La televisión internacional ha llegado ya, hace bastantes años, a una situación de prepotencia indiscutible que le permite producir sus propias obras -duplicando o quintuplicando la extensión de los largometrajes habituales- y con un enorme presupuesto, que para sí quisiera el 90% de las empresas cinematográficas de todo el mundo.

La isla de Ellis es una producción ambiciosa y espectacular, desde luego, cuya existencia sólo se explica en función de su venta a la mayoría de las emisoras de todos los países, pero esa misma pretensión universal lleva aparejada, inevitablemente, la simplificación narrativa, la elementalidad de los personajes y situaciones, unida al crecimiento imparable de los tópicos, hasta que todas las aristas dramáticas sean limadas.

Arte e industria

No estamos en el nivel exquisito y refinado de Regreso a Brides head -por citar un ejemplo excelso de historia rodada para la pantalla electrónica-, sino en el ámbito retórico de Holocausto y de Raíces, es decir, en un empeño exclusiva y preponderantemente comercial, cuyo principal objetivo es conseguir la máxima audiencia y, consiguientemente, todos los apoyos publicitarios posibles para que el producto sea rentable en Estados Unidos y, después, se pueda vender bien al resto del imperio occidental.Estas limitaciones no quieren decir que los responsables del teleplay (si aceptamos esta palabreja con el sentido de película realizada directamente para televisión) carezcan de sensibilidad o tengan un bajo nivel cultural. Es posible que la realidad sea exactamente la contraria, pero esas innegables virtudes se quedan en un segundo o tercer plano, con ocasionales destellos aquí y allá, porque lo importante en estos proyectos es obedecer las presiones industriales, por encima de cualquier otra consideración, para llenar los sueños y ocios de millones de espectadores cómodos que sólo quieren una historia sencillita y sin complicaciones, moderadamente audaz -justo en el límite de lo conveniente, pero sin pasarse lo más mínimo- y que se asimile bien, sin alterar la digestión final del día bajo ningún concepto.
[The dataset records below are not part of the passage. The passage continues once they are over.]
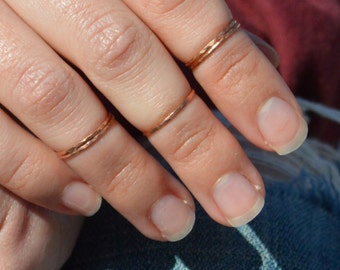 Copper Midi Ring, Knuckle Ring, Thin Copper Ring, Copper Band, Pure Copper Ring, Hammered Copper Ring, Knuckle Rings, Midi Rings, Copper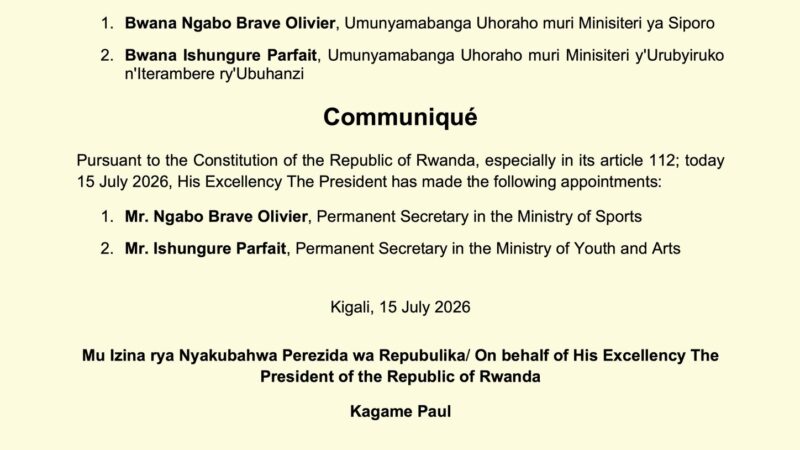Perezida Kagame yashyizeho Abanyamabanga Bahoraho bashya muri Minisiteri ya Siporo n’iy’Urubyiruko n’Iterambere ry’Ubuhanzi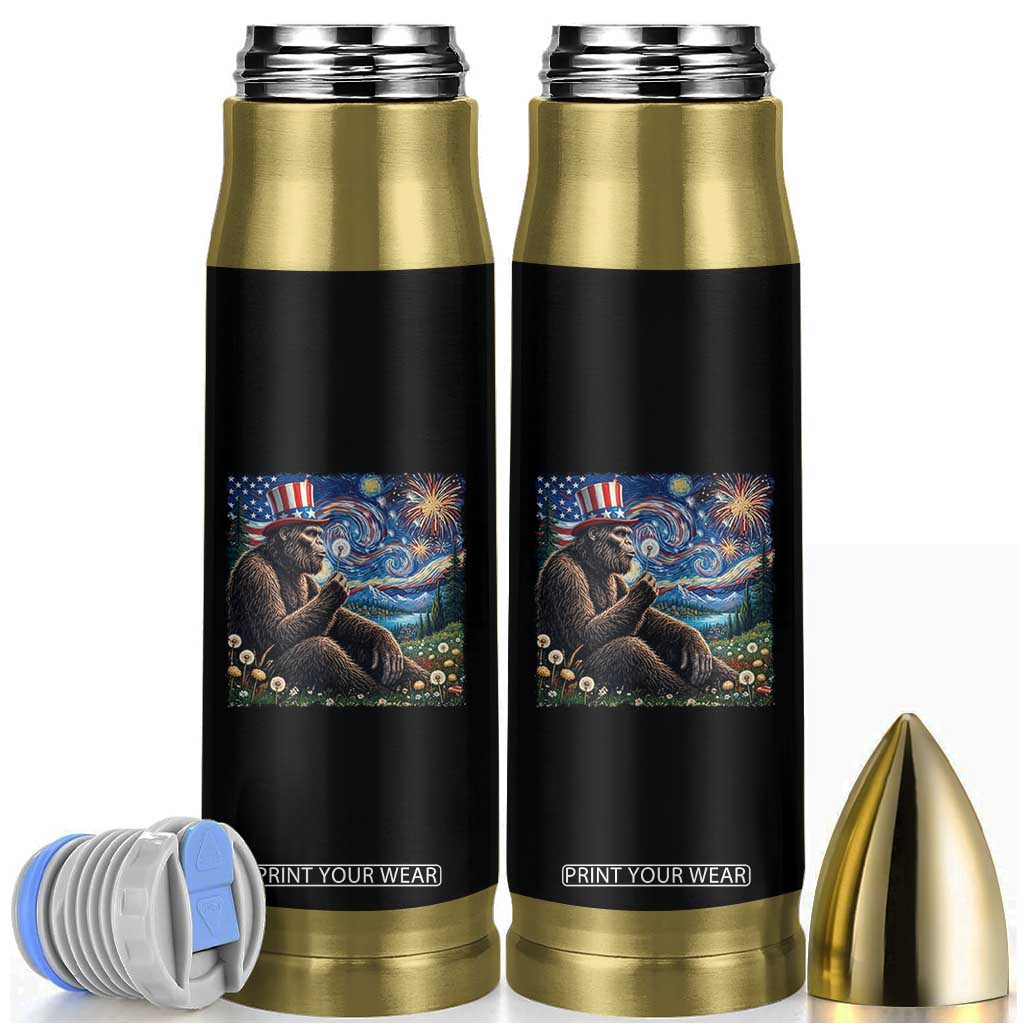 Bigfoot Blowing Dandelion Bullet Tumbler Sasquatch Van Gogh Starry Night 4th of July TS14 Black Print Your Wear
Nada malo hay en ello, y no seré yo quien se oponga a tan dignos propósitos, que -y lo digo sin la menor ironía- constituyen uno de los fundamentos del noble arte de la narración desde que éste empezó a dar sus primeros pasos en las veladas nocturnas junto al fuego, cuando la humanidad no conocía aún, en aquellas edades oscuras, el maravilloso invento de la televisión. El espectador exigente es menos abundante que el acomodaticio, y la industria televisiva sabe esto muy bien.

La isla de Ellis no es peor que la inmensa mayoría de las películas que podemos ver en los locales cinematográficos del mundo, ni mucho menos. Su aparencia es sólida y está bien elaborada, sin errores garrafales, con una técnica obediente a la regla de oro aprendida en el cine clásico: acomodarse a lo que se está contando, sin que se note jamás la presencia de la cámara, simple testigo, mudo y respetuoso, de los acontecimientos.

Pero el espectador exigente va a sentirse decepcionado, en mi opinión, porque todo lo que apunta este relato lo hemos visto ya antes y, en todos los casos, con una calidad muy superior. No conozco el libro de Fred Mustard Stewart que ha servido de inspiración al guión -firmado por el propio escritor, con la ayuda de Christopher Newman-, pero, si tenemos en cuenta esta adaptación, parece un compendio de la segunda parte de El padrino, de Coppola, con rasgos aislados, tomados en préstamo a la pareja central de El cowboy de medianoche.